Where Things Stand Today
Agentic AI and MCP aren’t just buzzwords, but they represent a real shift in how we think about test automation. Based on what I’ve explored so far, the benefits are clear: faster test creation, reduced maintenance, and better adaptability to change. However, we’re still in the early stages of this journey, and like any emerging technology, it comes with trade-offs.
There could be cost implications both in terms of compute resources and the effort required to fine-tune agents for specific environments. We also compromise some level of control, as these autonomous agents make decisions that may not always align with human expectations. Reliability can be inconsistent, especially when dealing with complex UI elements or dynamic application states.
In our experiments, for example, the system struggled to consistently identify intricate UI components, and generating code for every run proved unsustainable. Additionally, MCP servers often need to be updated in tandem with tooling changes to support new features. These are not blockers, but they are important considerations as we scale.

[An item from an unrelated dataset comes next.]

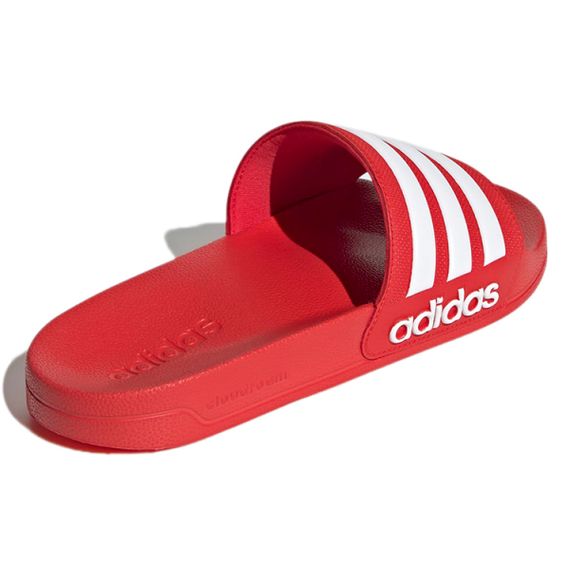 Adidas Adilette Shower Slide 'Vivid Red'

That said, the direction is clear: we are moving towards a future where intelligent agents can execute tests directly from high-level scenarios. Code generation may just be the starting point. As these systems mature, we could see agents that interpret user stories, understand application flows, and autonomously validate functionality without even the need for traditional automation scripts
How to get started
If you are already working with enterprise copilots or have a mature automation framework, this is worth exploring. Start small:
- Identify a few stable workflows or regression scenarios.
- In your existing IDEs integrate MCPs for ex: playwright from the official Microsoft GitHub
- Build a proof of concept using an MCP server and an LLM agent.
- Measure the effort saved and the adaptability of the agent.
Even in its current state, the acceleration achieved is notable. However, to make this work at scale, we will need to figure out some solid ways to structure, govern, and evolve these systems.
Final Thoughts
As this space continues to evolve, we’re likely to see more teams building their own MCPs, fine-tuning agents for their environments, and rethinking what “automation” truly means. This isn’t just about adopting new tools—it’s about reimagining how we deliver quality in a world where software is constantly changing.
That said, it’s also important to think of what could go wrong. Agentic systems are still maturing, and there are real risks such as misinterpretation of prompts or test intents, inconsistent behaviours across environments, without proper validation could lead to missed defects or false confidence.
To mitigate these risks, we need robust validation layers, fallback mechanisms, and clear boundaries for autonomous execution.
This shift also has implications for test engineers. Rather than replacing them, it can elevate their roles such as designing intelligent workflows, focussing more on prompt engineering, scenario design, and validating agent behavior and shaping how these systems learn, adapt, and scale.
In short, Agentic AI and MCP have the potential to transform test automation from a task-driven activity into a context based intelligent process that aligns more closely with the modern software development.